A controversial decision to erect temporary fencing at Melbourne’s Shrine of Remembrance to control crowd numbers on Anzac Day on Sunday has been slammed as an insult to veterans.

Shrine of Remembrance chief executive Dean Lee said the barriers had been extended to the ­Second World War Memorial Forecourt to ensure only 1400 people attended the dawn service.

“We are responsible for managing the delivery of the dawn service in partnership with RSL Victoria,” Mr Lee said. “This is the method to ensure that the event capacity is not exceeded.”

Those with tickets to the dawn service will have to show their booking form before scanning a QR code to be allowed entry to the dawn service, which Mr Lee said would assist contact tracers.

The guard of honour march during the Melbourne Legacy Student ANZAC service at the Shrine of Remembrance in Melbourne. Picture: NCA NewsWire / Daniel Pockett
The guard of honour march during the Melbourne Legacy Student ANZAC service at the Shrine of Remembrance in Melbourne. Picture: NCA NewsWire / Daniel Pockett

The decision to extend the fence was made by the Shrine of Remembrance.

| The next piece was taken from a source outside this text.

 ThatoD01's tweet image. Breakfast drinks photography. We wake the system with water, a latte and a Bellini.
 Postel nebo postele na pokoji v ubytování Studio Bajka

Victorian opposition health spokeswoman Georgie Crozier said she was “horrified” fences had been erected around the Shrine of Remembrance.

“Is this to block out veterans?” she said. “I mean, it is an absolute insult to every veteran that they are being fenced out from the Shrine when we have got 85,000 people that can attend an Anzac Day football match at the MCG.”